> _WORK TO BE COMPLETED_
Copy all lines below exactly as written. Leave pictures out.

> _SUPPLIED INFORMATION_
..............................
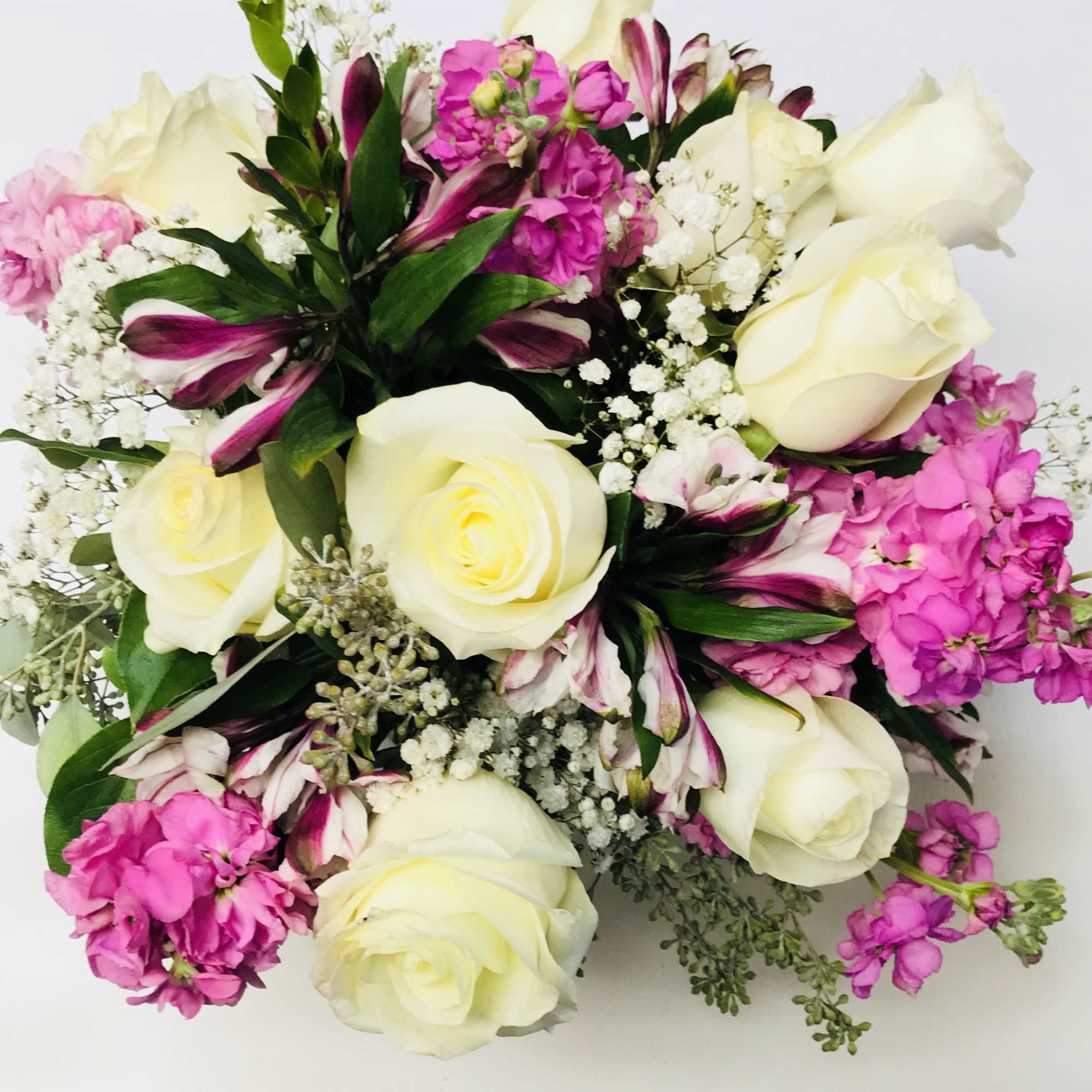 Bouquet of white roses, pink flowers, and striped lilies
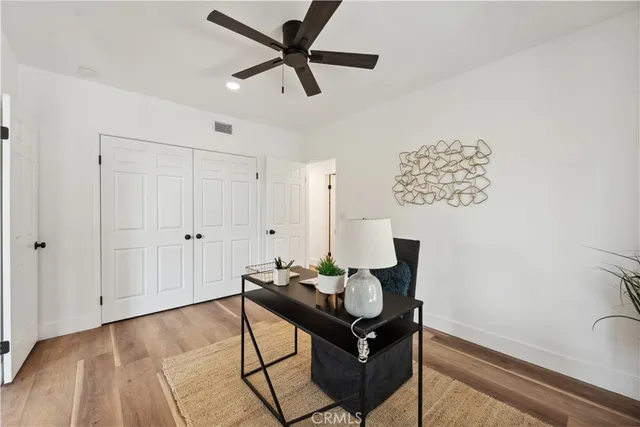 a view of a room with wooden floor and white walls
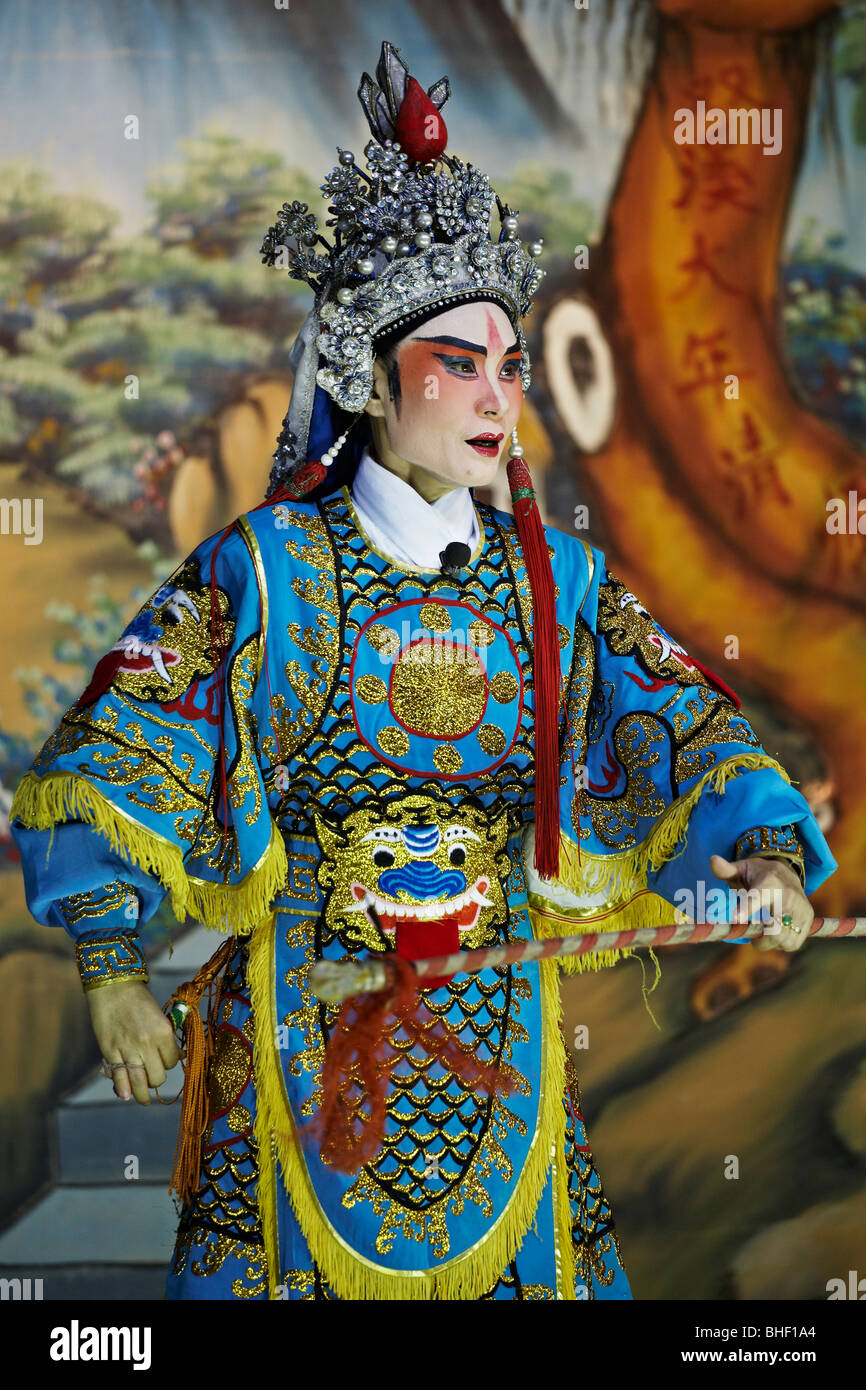 Chinese opera actor on stage in traditional colourful costume and make up. Thailand S. E. Asia Stock Photo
..............................
> _REPLY_
 Bouquet of white roses, pink flowers, and striped lilies
 a view of a room with wooden floor and white walls
 Chinese opera actor on stage in traditional colourful costume and make up. Thailand S. E. Asia Stock Photo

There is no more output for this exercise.